Not that this will keep Republicans from screeching about the "Slaughter Solution" being unconstitutional (no matter how many times they've voted for bills using it), but this morning Eric Cantor was forced to admit that the process is legitimate.
[T]this morning on Good Morning America, House Majority Leader Steny Hoyer (D-MD) explained the rule in some very clear terms:
HOYER: We are going to have a clean up or down vote on the Senate bill, that will be on the rule. This is a procedure, by the way, that was used almost 100 times under Newt Gingrich and over 100 times by Speaker Hastert, which my friend Mr. Cantor supported most of the time, if not all of the time. So this is not an unusual procedure. We’re going to vote on a rule. It’s simply like a conference report. Conference report comes back.
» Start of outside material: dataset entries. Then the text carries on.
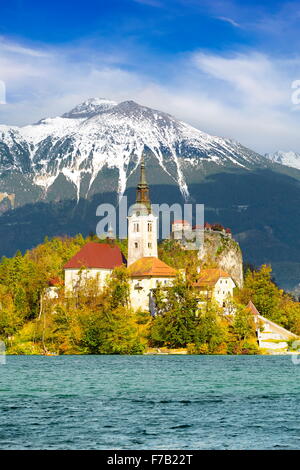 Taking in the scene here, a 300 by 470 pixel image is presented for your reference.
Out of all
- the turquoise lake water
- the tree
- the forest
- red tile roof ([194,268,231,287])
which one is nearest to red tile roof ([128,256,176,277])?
red tile roof ([194,268,231,287])

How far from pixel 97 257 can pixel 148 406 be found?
83883 millimetres

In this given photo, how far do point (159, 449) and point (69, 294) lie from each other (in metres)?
87.3

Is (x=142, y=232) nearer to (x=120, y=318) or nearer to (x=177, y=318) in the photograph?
(x=177, y=318)

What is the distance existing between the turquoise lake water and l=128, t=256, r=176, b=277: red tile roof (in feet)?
131

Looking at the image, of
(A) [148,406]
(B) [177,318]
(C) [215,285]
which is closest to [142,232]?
(C) [215,285]

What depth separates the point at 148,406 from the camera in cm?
5159

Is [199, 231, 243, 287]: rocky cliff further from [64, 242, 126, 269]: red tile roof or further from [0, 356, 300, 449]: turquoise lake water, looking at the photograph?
[0, 356, 300, 449]: turquoise lake water

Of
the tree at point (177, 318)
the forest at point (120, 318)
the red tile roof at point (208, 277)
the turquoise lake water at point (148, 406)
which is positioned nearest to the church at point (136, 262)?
the forest at point (120, 318)

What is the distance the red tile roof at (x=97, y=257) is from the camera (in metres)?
132

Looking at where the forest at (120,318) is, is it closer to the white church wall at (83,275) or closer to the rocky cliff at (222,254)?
the white church wall at (83,275)

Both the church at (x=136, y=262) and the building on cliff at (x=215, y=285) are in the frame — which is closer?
the building on cliff at (x=215, y=285)

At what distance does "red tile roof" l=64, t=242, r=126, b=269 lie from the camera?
434ft

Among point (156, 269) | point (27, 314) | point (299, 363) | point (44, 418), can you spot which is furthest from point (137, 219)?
point (44, 418) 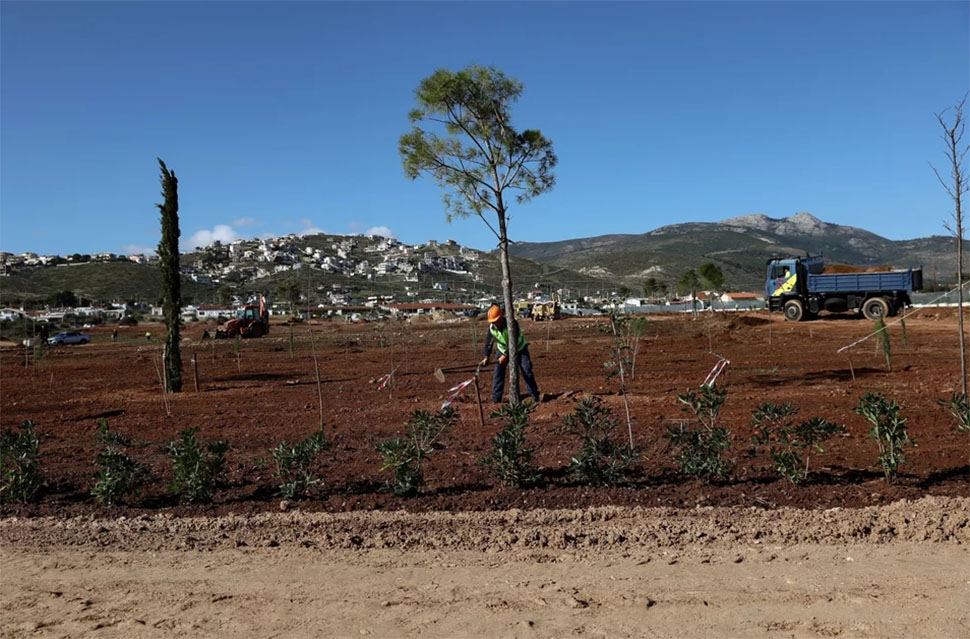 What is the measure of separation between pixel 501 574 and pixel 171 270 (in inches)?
549

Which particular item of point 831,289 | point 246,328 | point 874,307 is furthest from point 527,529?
point 246,328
You vote on it, with amendments.
Unfortunately, the Republicans are a little bit like the boy who killed his two parents and then wants sympathy because he’s an orphan. They’ve tried to stop the passage of this bill. Slowed it up. Wouldn’t agree to go to conference, so what we’re going to do is report out what essentially is a conference report with amendments. So we’ll vote on the Senate bill in the rule and we will amend the Senate bill in the process...
Cantor sheepishly smiled at Hoyer and ultimately agreed. “Yes, Steny is right. The rules of the House allow for this type of deeming provision, it’s called a self-executing provision which means that once the bill, the rule for the next bill passes, the Senate bill is automatically is deemed as having passed,” he said. As Norman Ornstein points out, “that strategy, then decried by the House Democrats who are now using it, and now being called unconstitutional by WSJ editorialists, was defended by House Republicans in court (and upheld). Dreier used it for a $40 billion deficit reduction package so that his fellow GOPers could avoid an embarrassing vote on immigration.”
Just like there really is going to be a vote to pass this thing, the process by which House Dems might choose to use (and as of yet that decision doesn't seem to be final) will not be precedent setting and is legitimate. Eric Cantor says so. Of course, he could and probably will argue differently on the House floor, but he'd be lying.